Covid-19  has become a global crisis, and I am trying to view this as somewhat of a positive experience. Now that there’s a bit more time to stop an think, I’ve tried to get creative with myself.  I’ve picked up new hobbies, old ones, I’ve dedicated time to bettering my education, instead of staying stuck, all while making money. One of my favorite quotes: “DON’T JUST EXIST, LIVE!” With a busy schedule, I appreciate my time with people more. Rather then living a routine on lock down, I get to think of new things I can do each day.
I will not lie, I miss having female influences around me, when it was me and the gals. Seems like all my friends are cuffed up now, and it is leaving a lot of time for myself. I can’t look at it in a bad way. I just need to embrace the fact that it’s new territory for me, not feel lonely, but rather focused. All this hard work will pay off.
With the world being on pause, there’s not so much noise from my daily life. This includes the judgement of others, having a need to stay updated in social media, daily life things that keep me distracted. In this time of quarantine, I feel like I have learned so much about the person I want to me. My perspective of things is slowly broadening. I love it.
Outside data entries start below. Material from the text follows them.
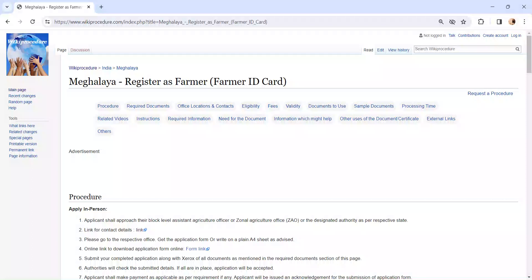Hi and welcome to Vicky Procedure video channel. Kindly subscribe our channel for more informative videos.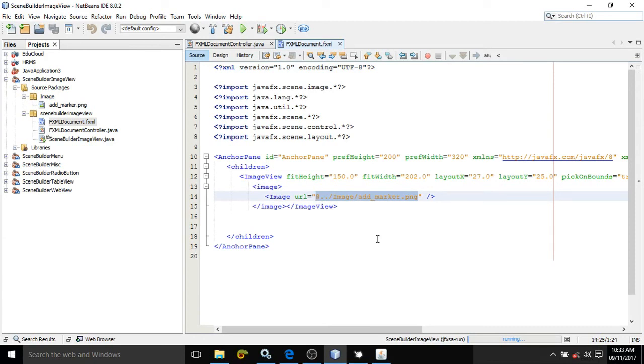This is how we can use ImageView in our JavaFX application. If you like my video, please subscribe my channel. Thank you so much.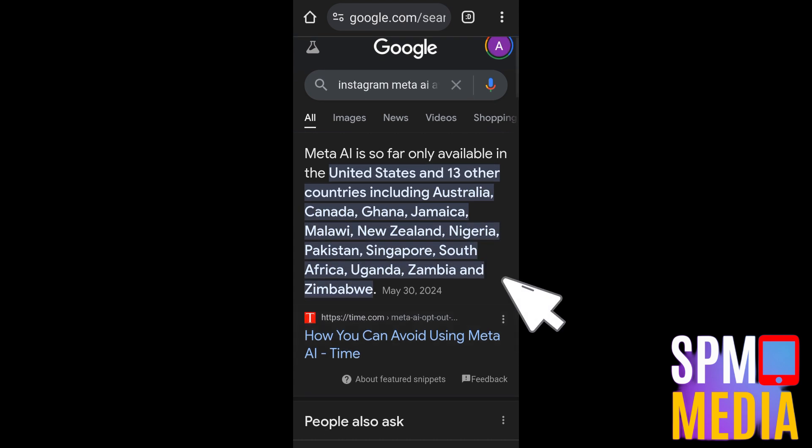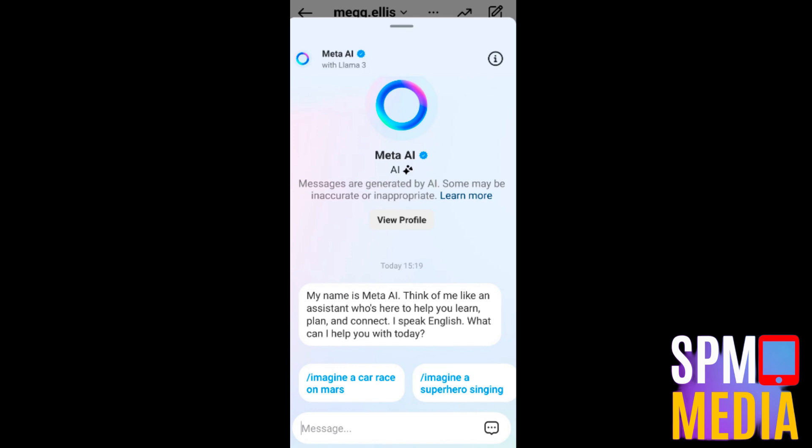It's currently only available for certain states and regions, so if you can't see your country or region listed, you'll have to wait. However, I'm going to show you what it looks like when Meta AI is available in your country. This is what it looks like — all you have to do is type @MetaAI and then ask anything, generate a picture, and so on.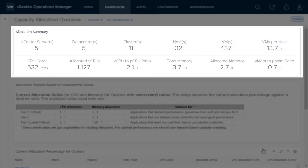The summary widget at the top provides population details and allocation ratios for your overall environment.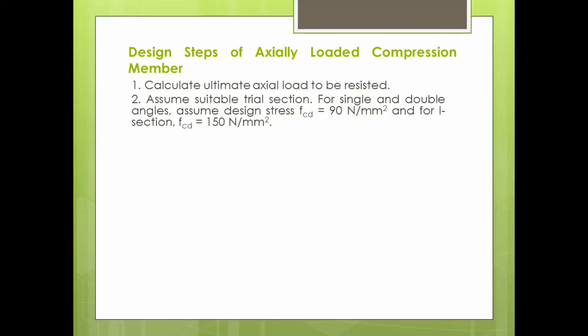I-sections will be used as compression members for columns. Columns will carry a higher magnitude of load. So, for columns, if you want to design them as compression members, you should select an I-section or channel section. If you want to design a truss member as a compression member, you should select an angle section.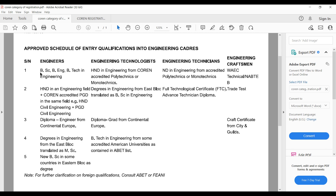For guys that can register as Engineering Technologist: Technologist is lower than Engineer in the hierarchy of engineering. We start with Craftsmen, then Technicians, then Technologists, and then Engineers. For Technologist, you must have an HND in engineering from a COREN-accredited polytechnic or monotechnic, or a degree in engineering from a particular institution.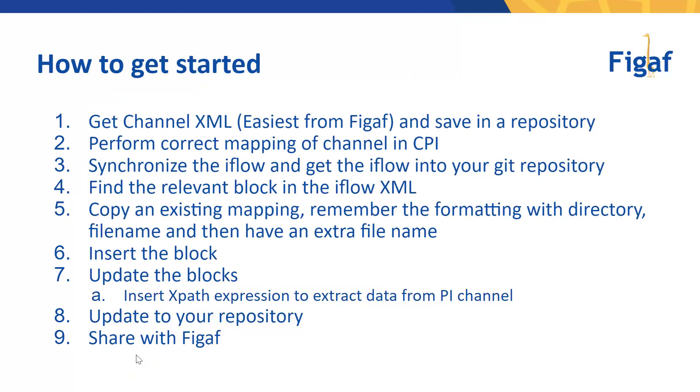The process is that you will take a channel XML, and the easiest way is just to fetch it from the PI or from FIGAF tool, save it in your repository. Then you want to create the correct mapping in the CPI iFlow, synchronize that to the git repository, get the iFlow out of your git repository, and then find the relevant code block.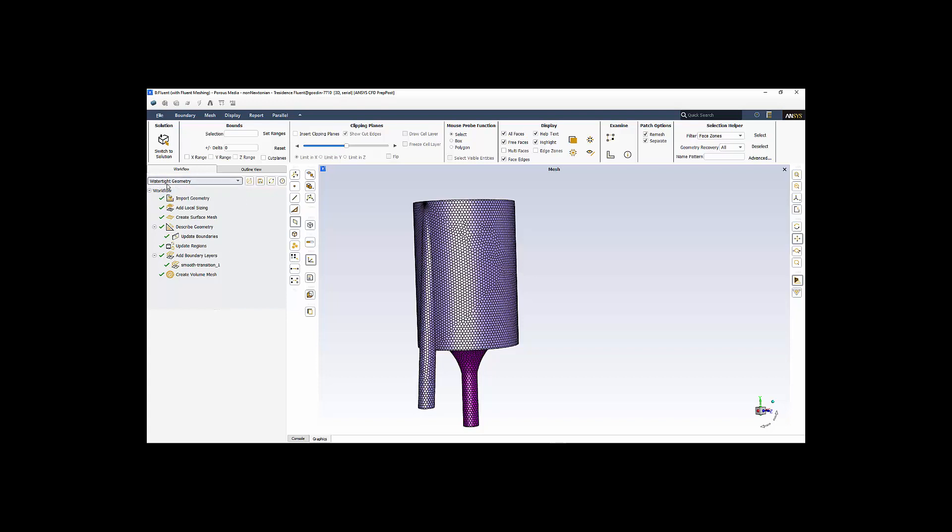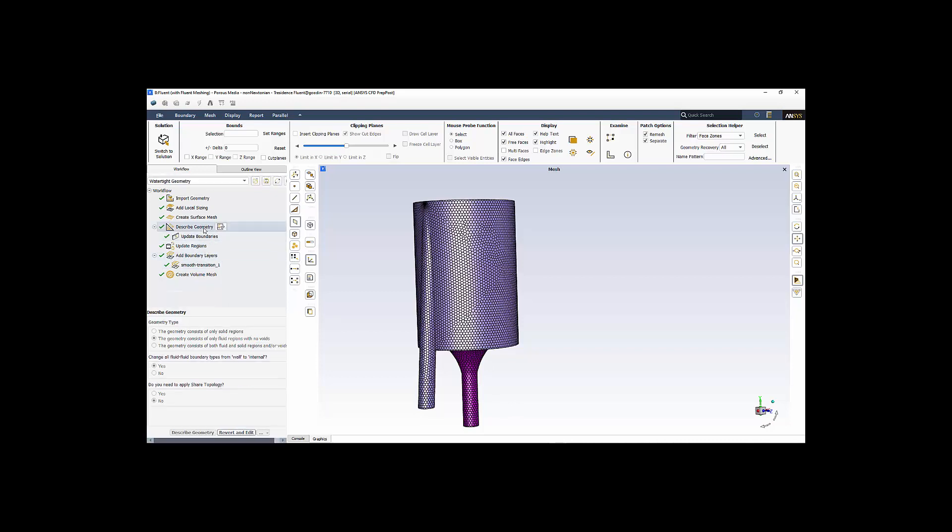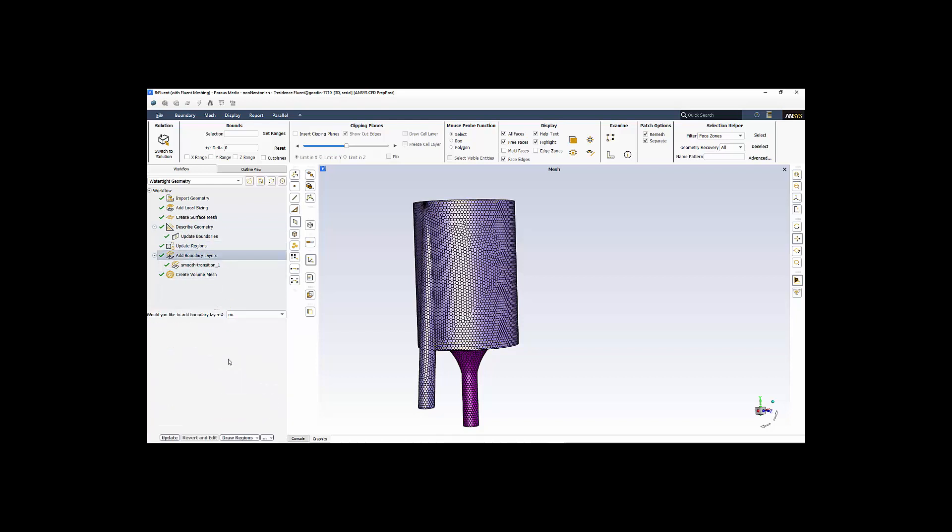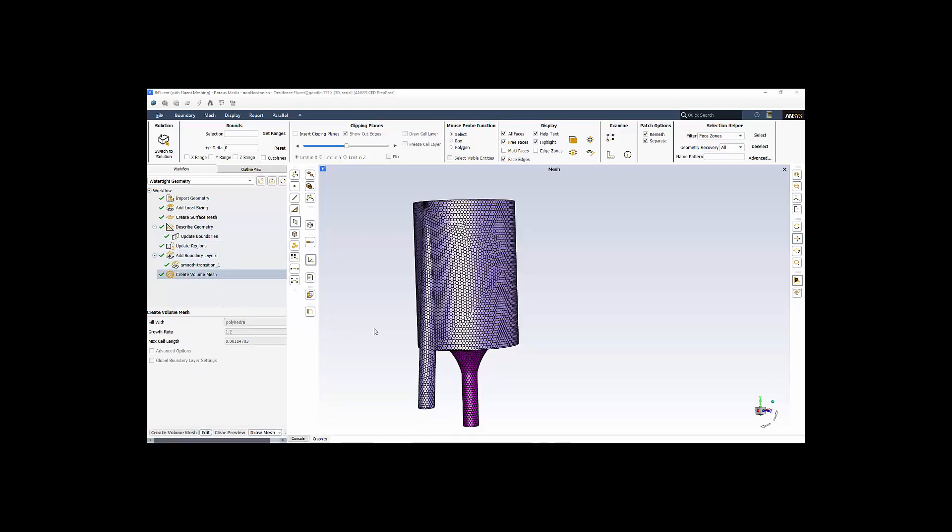We see the options here are watertight geometry and fault tolerant meshing. For this, of course, we're using watertight geometry. The steps here, we import our geometry. We add any sort of local mesh refinement, mesh sizing. We then create this surface mesh. We describe our geometry. We say it consists only of fluid regions. Is there internal walls? In this case, there is between the inner region, the porous region, and the outer region. And then we move on. We update our boundaries. We update our regions. We have three fluid regions. We add boundary layer. These are boundary layer elements. And the last step is then to create the volume mesh, which is shown here.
I love this feeling of slow personal growth inside me. I should accept who I was before even if I was not always the best person. No one on this earth, none of my friends know or understand the place that I came from, how I grew up, and the different obstacles I had to overcome to become who I am today. I am completely fine with that. At the end of the day, things like that should not matter to my real friends. Instead, what matters is the person I am today, my willingness to grow. I do not show a lot of my emotional scars for a reason. Those scars they have perish just enough, that I don’t notice it. There is probably only one person on this earth who has an idea of the abundant changes and elevation that this past year has done for me. The pain, loneliness, anguish, heartache, frustration, panic, ignorance, betrayal,  naive-ness, feeling of being completely lost, feeling of not belonging, all that I have been through. That person is Phillip.
As I was saying though... having alone time, being single while everyone is taken, it has been quite a nice time. This pandemic has got me thinking, reflecting, and making goals for myself. I remember when I had curfew, and Dad wouldn’t let me go out, I had picked up crafting, the art of making things. Those things were small little projects, and accomplishments for me. My little wins, when I was losing to life. These past weeks, I’ve picked up hobbies I use to do, and I am trying my hand at new hobbies... even though I am super amateur. For instance, I realized I have a camera sitting there, so I decided to pick it up, make use of it. I started hot yoga like what last month or so, and I cannot just give it up. I may not be able to do it every day, but I remember how good it felt doing it, so why give it up? Yah feel. People have asked me before what are my hobbies, besides AGC, gym, the basic stuff... and NGL for a moment I had to think about it. That’s not a question I don’t want to have an answer to. So here goes me trying to find new hobbies, discovering new things I love to do, and making a list for the things I want done.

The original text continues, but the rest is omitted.